La
experiencia de los apóstoles y discípulos luego de la Pasión y Muerte de Jesús
fue muy dura. Los evangelios nos transmiten una serie de detalles que nos
hablan de la difícil prueba a la que su fe fue sometida. Incluso los primeros
testimonios y la constatación de que el cuerpo del Maestro no estaba en el
sepulcro son tomados con escepticismo. En este sentido, es significativo que
aun luego de que Pedro y Juan vieron el sepulcro vacío, de haber escuchado de
boca de María Magdalena que había visto al Señor vivo y de haber recibido el
testimonio de otras mujeres, encontremos a los discípulos atemorizados y
encerrados en una casa.
Esto
nos habla de que los discípulos —comenzando por los más cercanos, los
11 apóstoles— vivieron un proceso de maduración en la fe. Es cierto
que lo venían viviendo desde que conocieron a Cristo, pero los días
inmediatamente previos y posteriores a la Resurrección del Señor fueron, sin
duda, particularmente intensos.
En
este proceso o etapa en la vida de fe de los discípulos encontramos una
constante. El Señor Jesús siempre sale primero al encuentro de los suyos. Les
salió al encuentro a las mujeres que iban al sepulcro; le sale al encuentro a
la Magdalena; les sale al encuentro a los discípulos que caminaban a Emaús.
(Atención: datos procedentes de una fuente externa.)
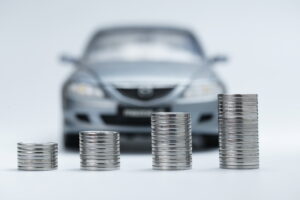 Stacks of coins increasing in height in front of a blurred car, representing rising vehicle costs or savings for a car purchase.
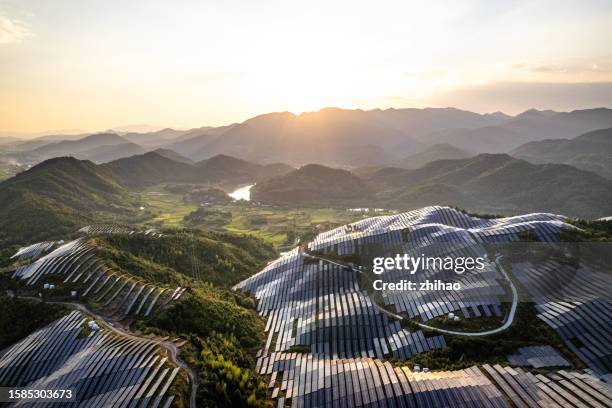 bird's eye view of the solar power plant at sunset - zero emissions stock pictures, royalty-free photos & images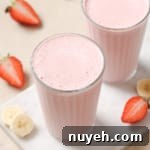Two glasses of pink strawberry banana smoothie on a white surface, with sliced strawberries and bananas around.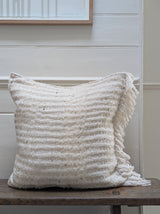 A hand-stitched white cushion made of wool, mohair, and boucle wool, displayed on a wooden surface against a white background.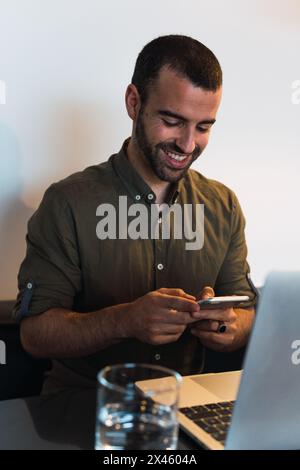 Smiling male worker text messaging on cellphone while sitting at table with netbook Stock Photo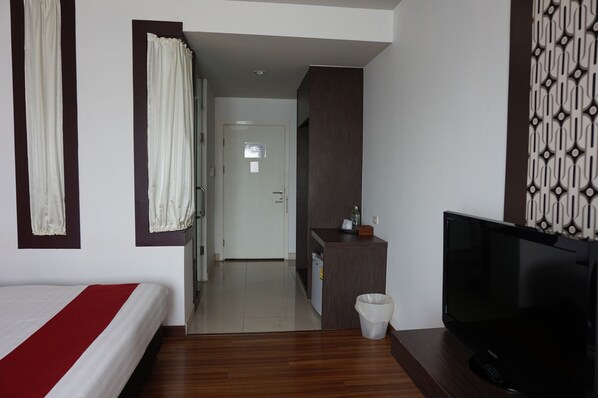 A hotel room with a bed, a TV, a small kitchenette, and a bathroom visible through an open door.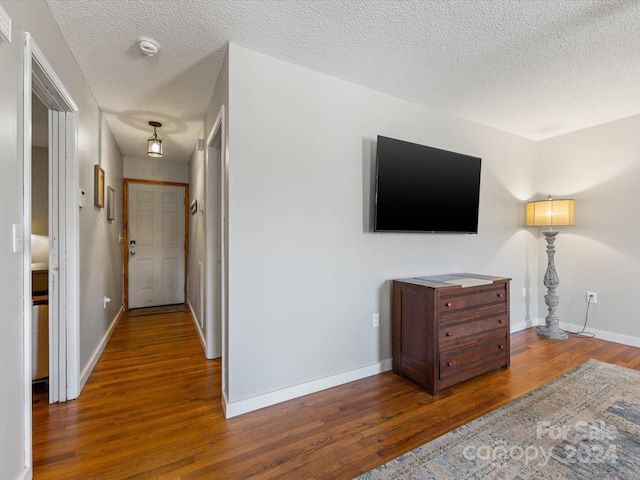 interior space featuring dark hardwood / wood-style floors and a textured ceiling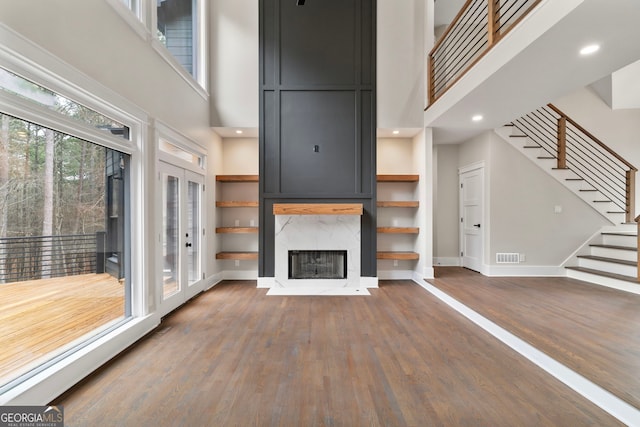 unfurnished living room with baseboards, visible vents, stairway, wood finished floors, and a fireplace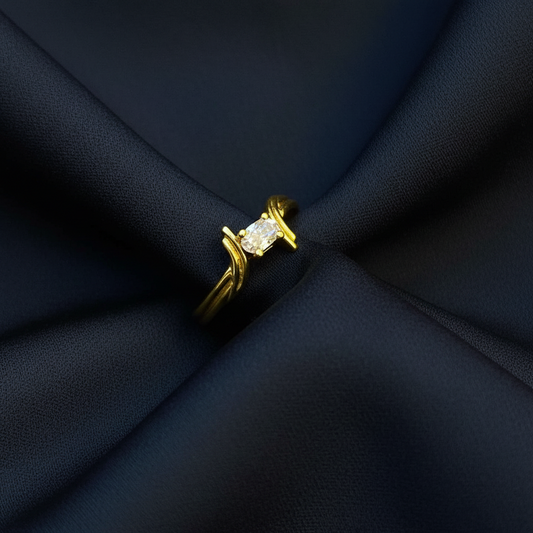 Gold ring on a textured red fabric background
El
pasaje del Evangelio de Juan que se lee este Domingo de Pascua es, en este
sentido, paradigmático. Mientras los discípulos están «con las puertas
cerradas» por «miedo», Jesús se aparece en medio de ellos. La cerradura de las
puertas no es obstáculo para que el Resucitado se haga presente en la
habitación y toque a la puerta del corazón de cada uno de los presentes:
«“Paz a ustedes”. Y, diciendo esto, les enseñó las manos y el costado».
Tomás reclama «ver
para creer». Nuevamente el Resucitado se aparece en medio de ellos y esta
vez le dice a Tomás: ven, mira y toca. Y Tomás, desde lo profundo de su corazón
se adhiere al Señor, lo acoge, le abre la puerta de su corazón incrédulo y
proclama una de las confesiones más hermosas que hemos recibido: ¡Señor mío y
Dios mío! El Papa San Gregorio Magno (s. VI) decía que «aquel discípulo que
había dudado, al palpar las heridas del cuerpo de su maestro, curó las heridas
de nuestra incredulidad. Más provechosa fue para nuestra fe la incredulidad de
Tomás que la fe de los otros discípulos».